**What is needed**
For the records below, copy exactly the span that begins at the line containing "Plan met uitvergroting" and stops after the line containing "Robinet de lavabo", minus any pictures.
START Source data
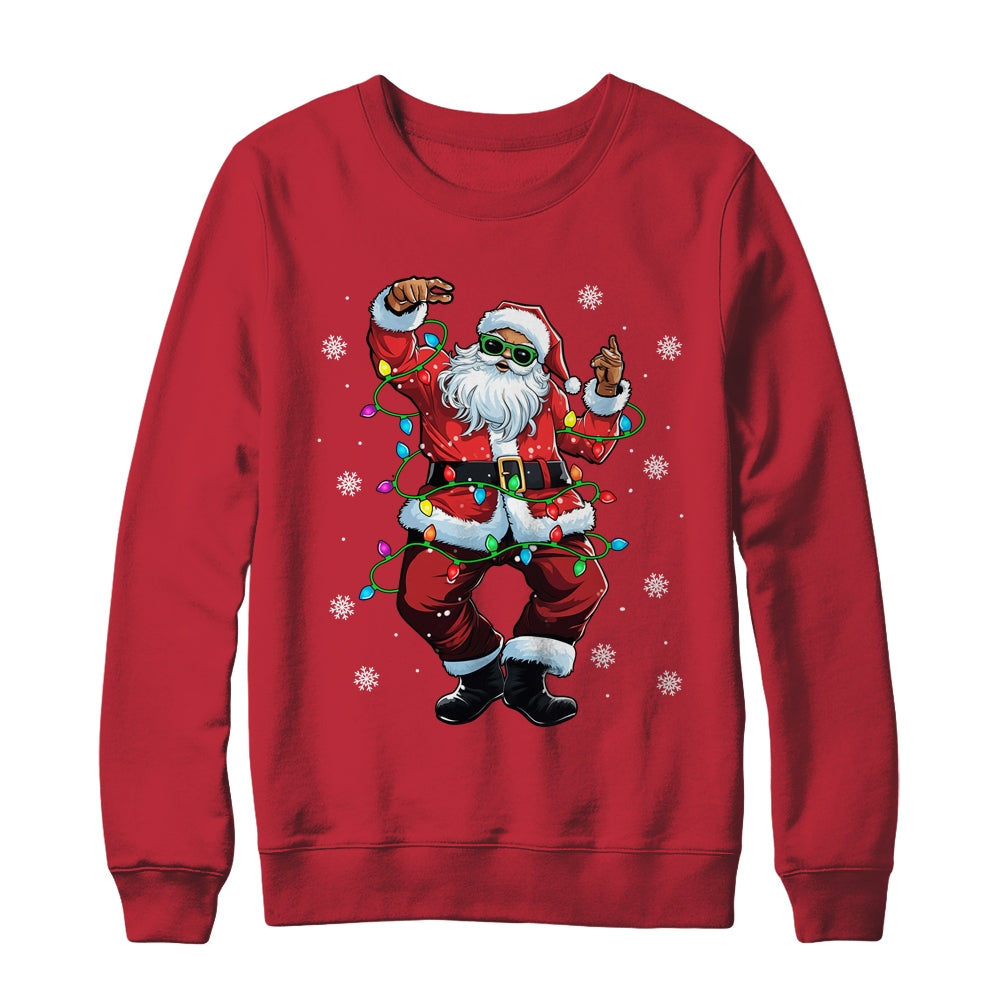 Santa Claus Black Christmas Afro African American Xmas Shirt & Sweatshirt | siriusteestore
END Source data
START Source data
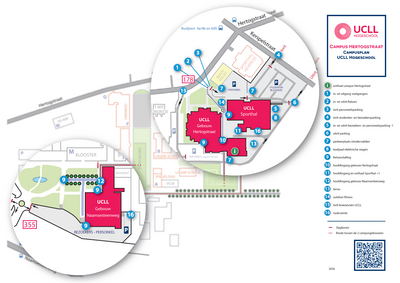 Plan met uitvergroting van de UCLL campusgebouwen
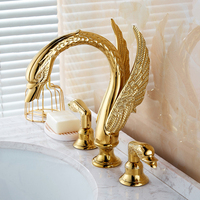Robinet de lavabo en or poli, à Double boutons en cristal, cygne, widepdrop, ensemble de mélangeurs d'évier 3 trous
END Source data
START Source data
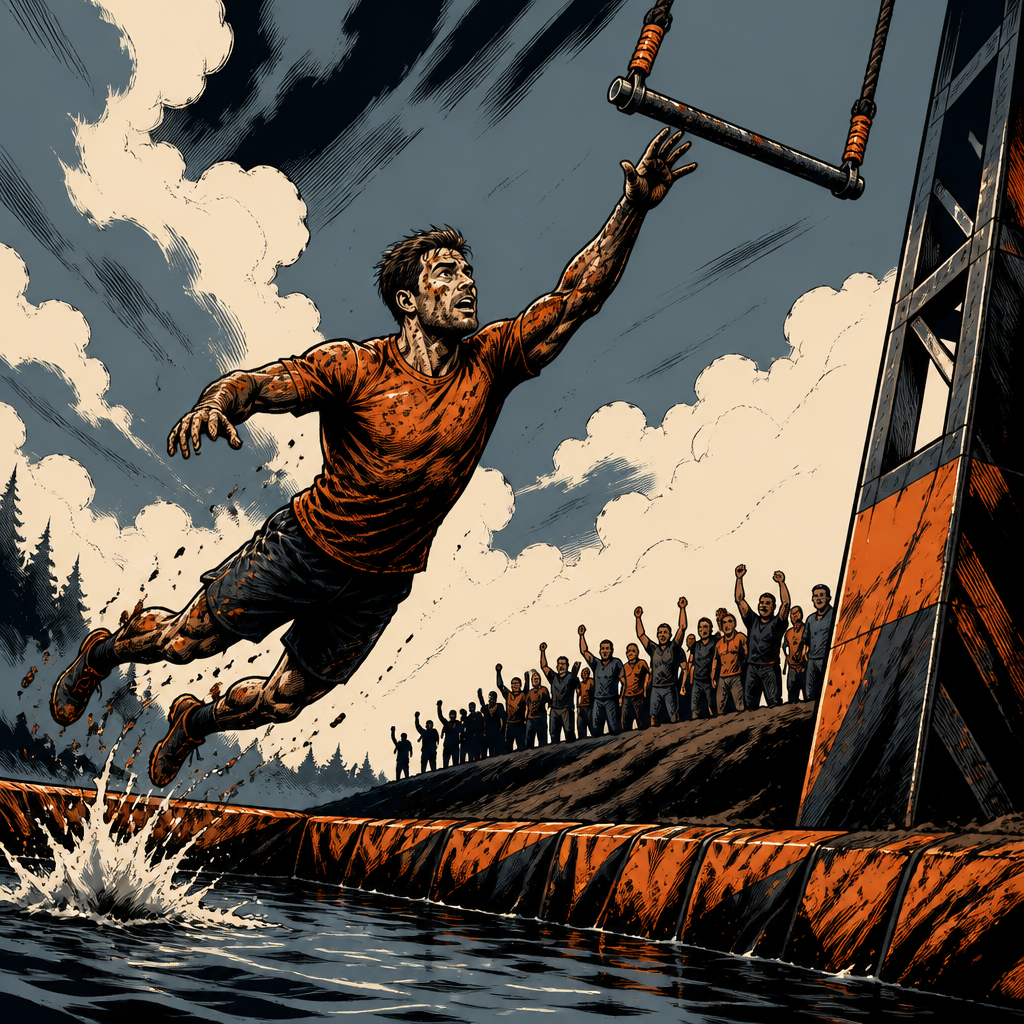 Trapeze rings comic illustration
END Source data
**Answer for the task**
 Plan met uitvergroting van de UCLL campusgebouwen
Robinet de lavabo en or poli, à Double boutons en cristal, cygne, widepdrop, ensemble de mélangeurs d'évier 3 trous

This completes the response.